Sid and Al are two characters in a PC game in which you can build all sorts
of gadgets with which Al, the mouse, tries to kill Sid, the cat. Al unlocks
a lever that is pressed by a spring to kick Sid, who slides down a slope,
just to release a ball by his body impulse. The ball falls into water, the
water spills out, an electric drier sets on flames, the flames burn the
line that holds the trigger of a revolver that kills Sid just when he arrives
at the right place at the right time. One can build whatever fantasy permits.
Then you can ask others to tell how it all works. All things move, all things
rotate, in a sometimes very complicated fashion. To see what will happen
is a delicate mechanical problem, and then we ignored the additional difficulties
caused by chemical and electric components. Yet children can solve these
puzzles and so can we, most of us non-physicists, grown-ups, as we are. To
solve the problem by brute force physics is almost out of the question. Thinking
with mechanisms gives easy answers, however, maybe with some alternatives
left open for future testing (either the ball will hit the toaster, in
which case this will happen, or it will not, but then…).
Here we deal with an explanation structure that works opposite to the
familiar d-n picture of Hempel and Oppenheim. In the d-n approach explanations
take the form
L1,…. Ln
C1,….Cm
-------------
E1,….Ek
where L-s are statements of natural laws, C-s are contingents (initial
conditions and the like), the E-s are explananda, and crossing the line
from above means derivation. By contrast, Al and Sid make us solve physics
problems without reference to covering laws:
C1,…. Cm
--------------
E1,…..Ek
Where are all the laws gone? If a mechanism is like a causal black box,
as I think we have seen it is, then laws can be thought of as describing
the content which opens this box. Without the laws, the box remains black.
The dominant view of science is that laws are generalizations of regularities.
The d-n picture has its origin in induction over these regularities. But
the way we use mechanisms in solving complicated pre-scientific as well
as scientific problems may suggest another, alternative view of science.
Intuitively, the alternative idea of a law is this: Take the d-n form as
a set of equations, where we know the C-s and the E-s from mechanisms,
and just solve the system to get the L-s.
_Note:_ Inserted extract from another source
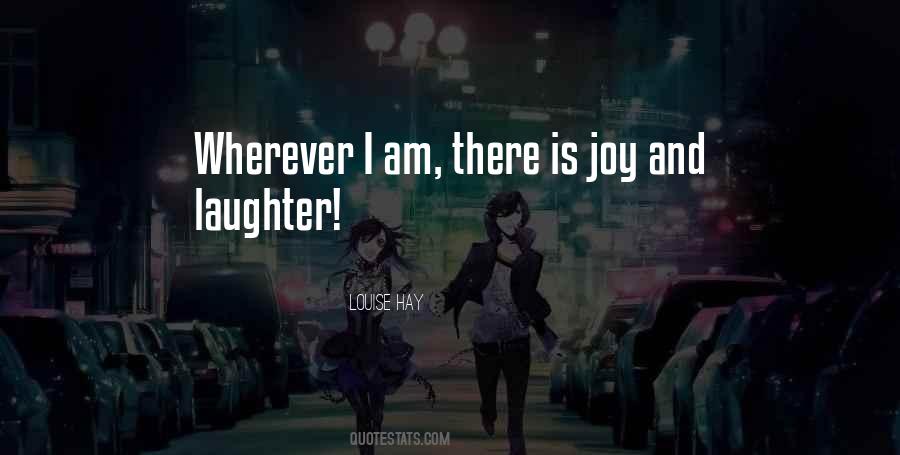 I Am There Quotes #1802051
This is view developed in detail in my 1991 book. Under this view it
would be fundamentally mistaken to expect that a scientific theory describes
causal content: it can only indicate how events are arranged in a causal,
and hence non-transparent, scheme.
Mental Causation
Most of these remarks have arisen from the study of relatively well known
domains of science such as chemistry or biology. But finally, just to see
how such a picture could work in an untested field, let me briefly reflect
on the problem of mental causation. If mental causation exists (this issue
was not our subject here) then
- it must possess depth (as I have shown for all causal systems) and
- it will enter explanation in a form which is likely to be mechanism-like
rather than covering law-like (as I have suggested by noting that laws
are nonexistent, or less common in general, than one would expect).